[Start of section]
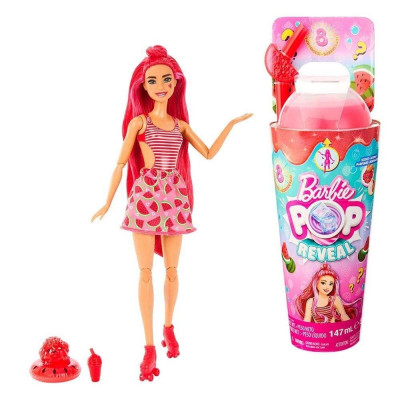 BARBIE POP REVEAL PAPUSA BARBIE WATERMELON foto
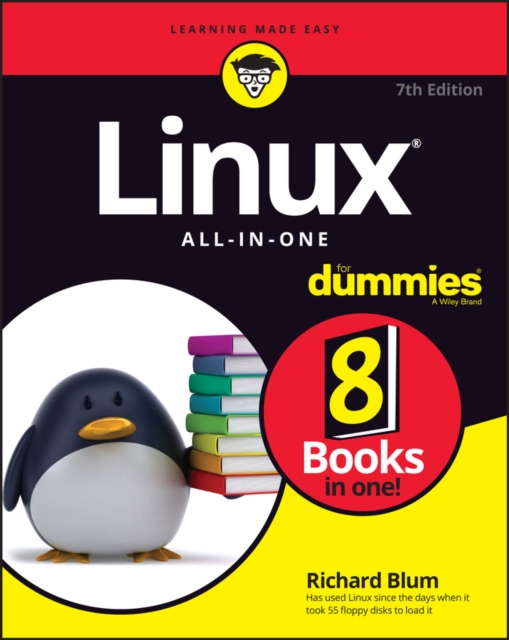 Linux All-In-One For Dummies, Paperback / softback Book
[End of section]
[Start of section]
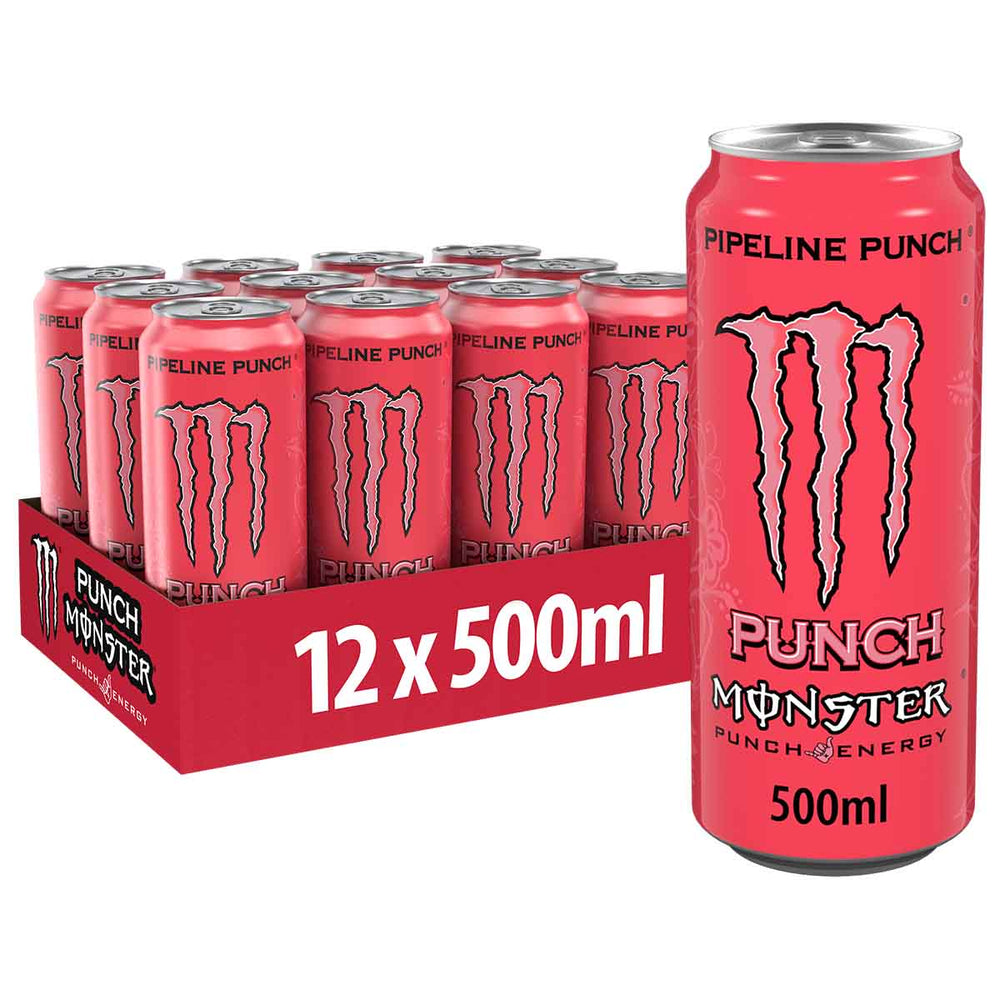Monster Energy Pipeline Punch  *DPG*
[End of section]
[Start of section]
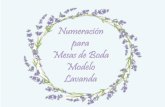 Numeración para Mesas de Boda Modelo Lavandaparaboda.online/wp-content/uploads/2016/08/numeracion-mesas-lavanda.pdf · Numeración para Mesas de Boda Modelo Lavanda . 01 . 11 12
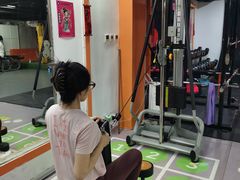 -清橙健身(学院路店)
[End of section]
Pictures aside, print exactly the lines above starting with the one containing "Lavanda . 01 . 11 12" and going on through the one containing "-清橙健身(学院路店)".

 Numeración para Mesas de Boda Modelo Lavandaparaboda.online/wp-content/uploads/2016/08/numeracion-mesas-lavanda.pdf · Numeración para Mesas de Boda Modelo Lavanda . 01 . 11 12
 -清橙健身(学院路店)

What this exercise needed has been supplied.